— DATASET EXTRACT —
---+---
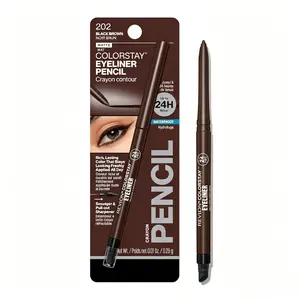 ColorStay Waterproof Eyeliner Pencil, Smudge-Proof Matte Eye Liner with Built-In Sharpener, Long-Lasting Makeup, Shade 202 Black Brown, 0.01 oz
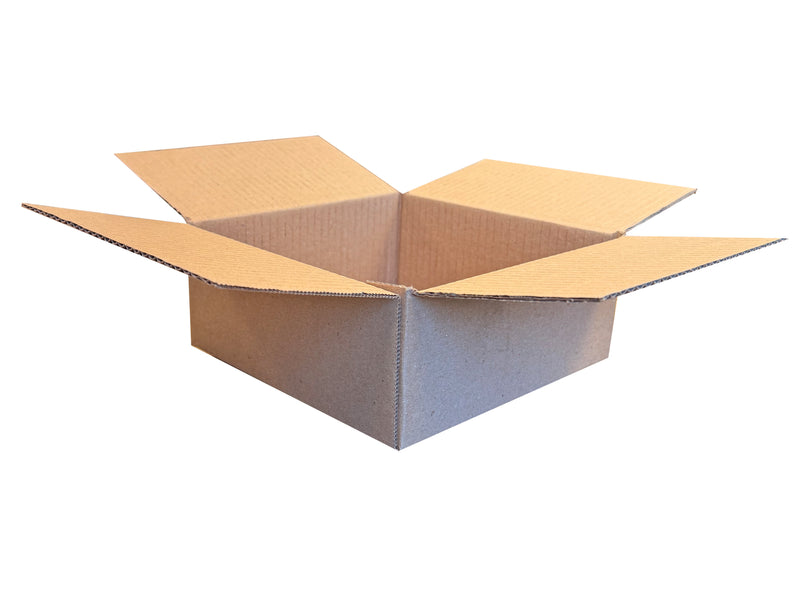 A small packing box, with a square footprint, opened at the top.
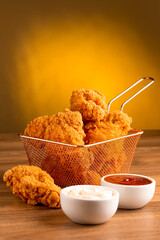 Crispy fried chicken in the basket.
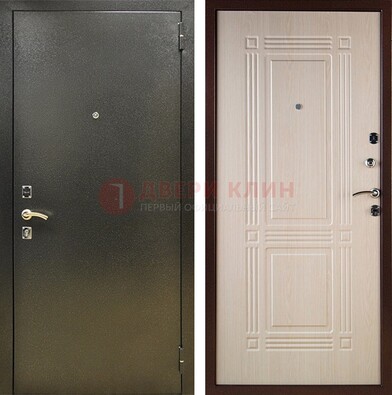 Стальная темно-серая дверь с порошковым напылением и МДФ Белый дуб ДП-277 в Павловском Посаде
---+---
— TRY IT —
Your answer should consist solely of the lines from the one holding "A small packing" through the end of the listing, reproduced exactly and without pictures.

— WRITTEN SOLUTION —
 A small packing box, with a square footprint, opened at the top.
 Crispy fried chicken in the basket.
 Стальная темно-серая дверь с порошковым напылением и МДФ Белый дуб ДП-277 в Павловском Посаде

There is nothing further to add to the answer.